Linear Quadratic Mean Field Stackelberg Games: Open-loop and Feedback Solutions
Bing-Chang Wang, Juanjuan Xu, Huanshui Zhang, Yong Liang
TL;DR
The paper tackles a linear-quadratic mean-field Stackelberg game with a single leader and a large population of followers. It develops open-loop solutions by solving a centralized social control problem for followers via MF forward-backward SDEs and characterizes the leader's optimal response, establishing an asymptotic Stackelberg equilibrium. It also derives decentralized feedback strategies for both followers and the leader using the matrix maximum principle and Riccati-type equations, with costs expressed in closed form. A numerical study compares the two solution concepts, showing that feedback often improves follower performance while open-loop may benefit the leader depending on the interaction parameter, highlighting trade-offs in hierarchical MF control.
Abstract
This paper investigates open-loop and feedback solutions of linear quadratic mean field (MF) games with a leader and a large number of followers. The leader first gives its strategy and then all the followers cooperate to optimize the social cost as the sum of their costs.
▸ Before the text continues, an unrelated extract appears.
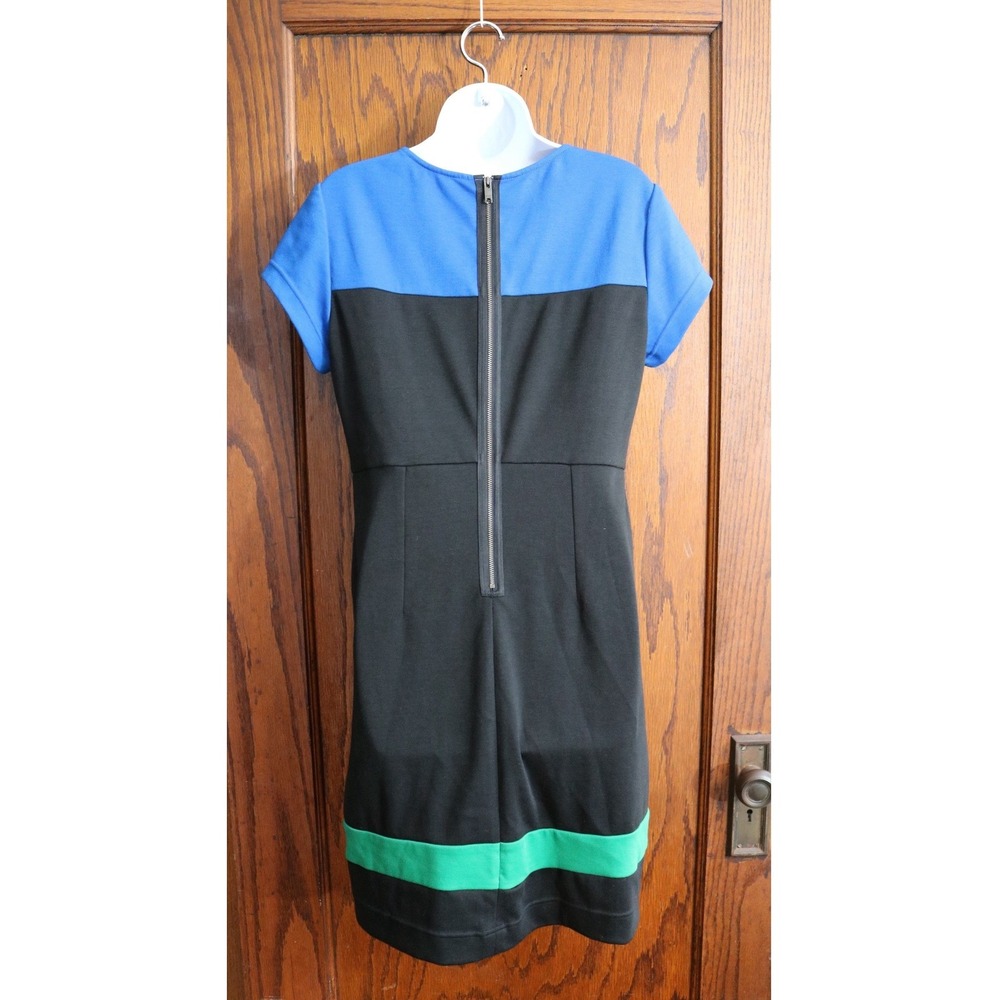 DKNYC Colorblock Sheath Dress Women Small Black Blue Green Short Sleeve Zip Back - Picture 2 of 13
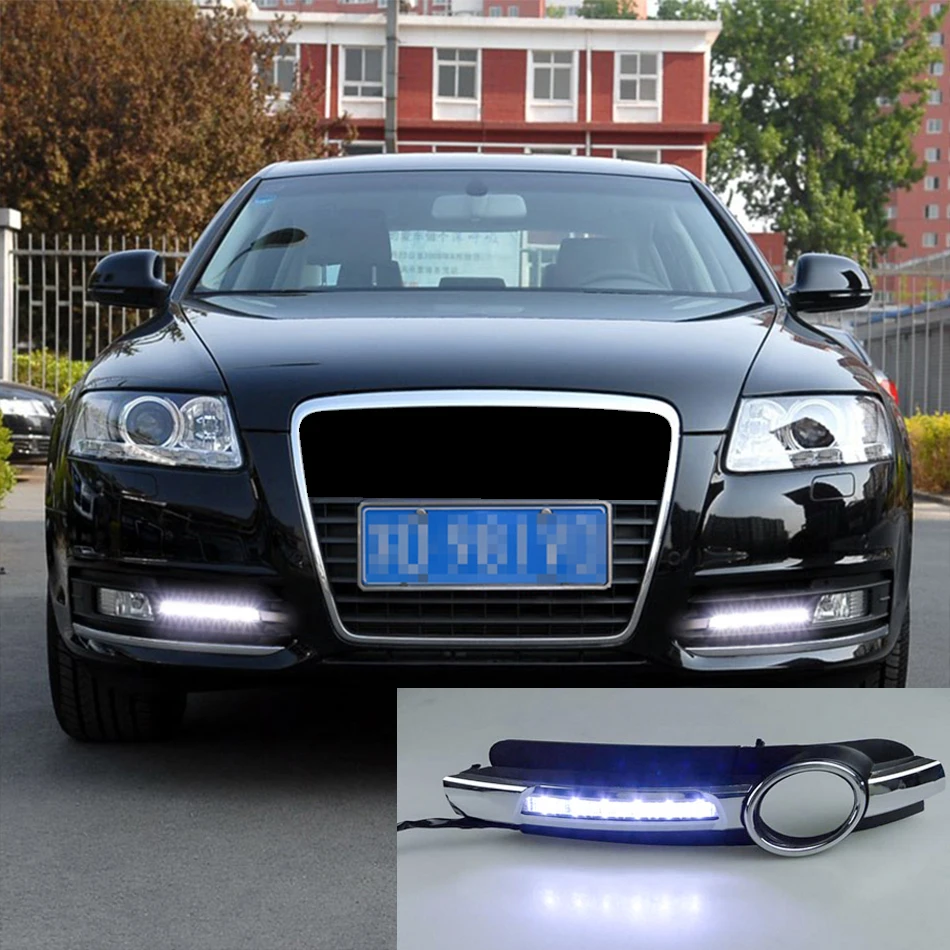 Roadot 2 шт. светодио дный Габаритные огни для Audi A6 C6 2005 2006 2007 2008 автомобилей DRL лампа с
By variational analysis with MF approximations, we obtain a set of open-loop controls of players in terms of solutions to MF forward-backward stochastic differential equations (FBSDEs), which is further shown be to an asymptotic Stackelberg equilibrium. By applying the matrix maximum principle, a set of decentralized feedback strategies is constructed for all the players. For open-loop and feedback solutions, the corresponding optimal costs of all players are explicitly given by virtue of the solutions to two Riccati equations, respectively. The performances of two solutions are compared by the numerical simulation.